If mind is just a special configuration of brain cells, then mind is nothing but matter. How can neurons “decide” to do one thing rather than another? Nerve cells can’t make decisions. So, materialism repudiates free will.
The consistent materialist sees this, denies free will and dismisses consciousness as a delusion. “Our sense of self is a neuronal illusion,” said Jerry Coyne, a fully paid-up materialist and author of Why Evolution Is True. Molecular biologist Francis Crick said the same thing. “Your joys and your sorrows, your memories and your ambitions, your sense of personal identity and free will, are in fact no more than the behavior of a vast assembly of nerve cells and their associated molecules,” he wrote. Or as he put it more succinctly, “You’re nothing but a pack of neurons.”
How deeply do materialists believe this? Notice that many of them grow outraged at public intellectuals who reject Darwinian materialism. But why the outrage if beliefs, ambitions and will are “nothing but a pack of neurons.” On that view the person skeptical of Darwinism can’t help himself, so why get outraged at the poor fellow?
The materialists might concede that their outrage is irrational, a byproduct of evolution — the fight-or-flight mechanism run amok.
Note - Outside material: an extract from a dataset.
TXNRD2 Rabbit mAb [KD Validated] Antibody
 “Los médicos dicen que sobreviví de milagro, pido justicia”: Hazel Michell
But that explanation opens a can of worms. If mind is a byproduct of an evolutionary process that maybe saddled us with various irrationalities, why trust human reason? Why trust it to lead us to the truth about biological origins?
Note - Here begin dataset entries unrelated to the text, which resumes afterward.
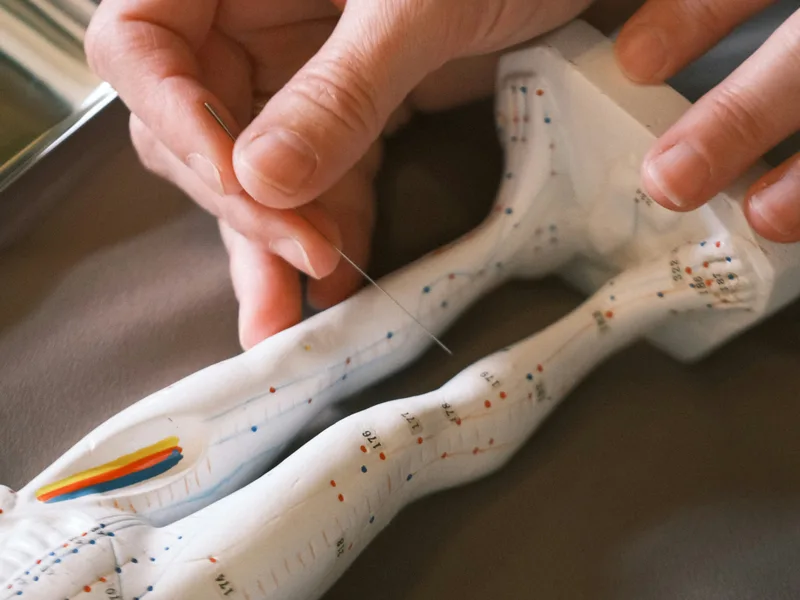 Acupuncture at Carroll Chiropractic in Westminster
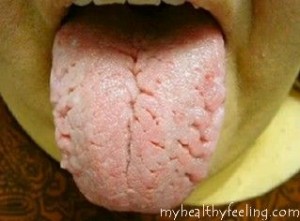 Geographic Tongue: Causes and Treatments - WebMD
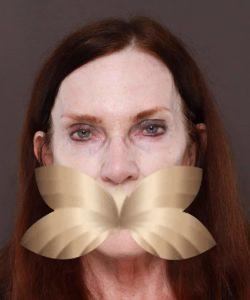 Sculptra by: Nurse Injector Kayla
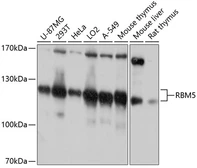 Anti-RBM5 antibody used in Western Blot (WB). GTX65561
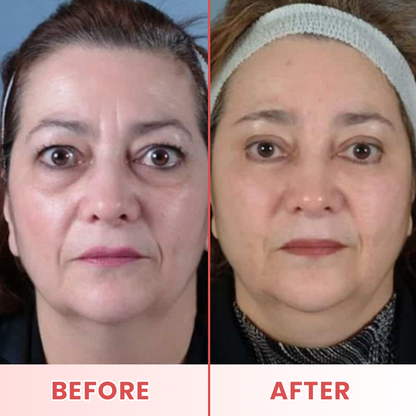 LIMETOW® Microneedle Patches for Eyebags and Dark Circles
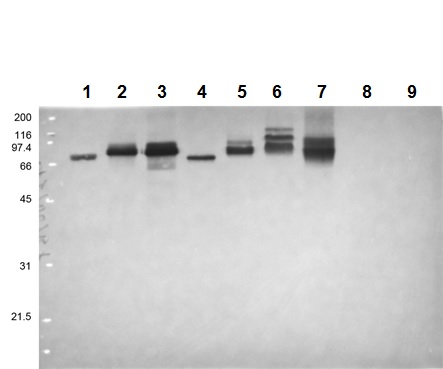 Western blot - Anti-Flavivirus NS1 antibody [D/2/D6/B7] (AB214337)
In my decades as a journalist covering evolution and interviewing some of the world’s leading evolutionary thinkers, I have found that materialists have no good answers to this question, or to many of the evidential challenges that have endured and grown since Darwin’s time.
For me the conclusion is inescapable: Modern Darwinism is built on a foundation of sand — a house of cards, threatened even by the outraged huffing and puffing of its defenders.
In short, there’s no sense in placing faith in the kind of reasoning done by a brain that’s a product of Darwinian processes.
Beyond this, as Bethell notes in the book, anyone with some common sense and self-knowledge must realize that denying free will is bunk. Our will, the freedom to make good or bad choices, is something we experience every waking moment. The assertion of materialism, which is the foundation of Darwinian theory, runs headlong into what we know about our own inner lives. It’s self-defeating. So evolution’s defenders naturally play all this down, while being unable to deny it.